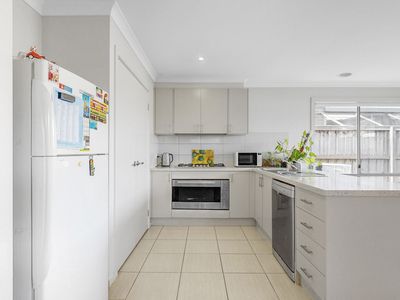 10 Armidale Drive, Pakenham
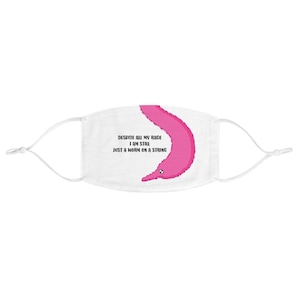 Könnte beinhalten: Weiße Gesichtsmaske mit einem rosa Wurm an einer Schnur und dem Text "Despite all my rage I am still just a worm on a string."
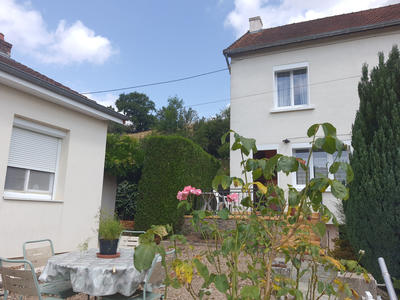 Propriété - 153 m² - 8 pièces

• _Exercise description_: Could all the data above be given again exactly, leaving out its images?

• _Output of the task_:
 10 Armidale Drive, Pakenham
 Könnte beinhalten: Weiße Gesichtsmaske mit einem rosa Wurm an einer Schnur und dem Text "Despite all my rage I am still just a worm on a string."
 Propriété - 153 m² - 8 pièces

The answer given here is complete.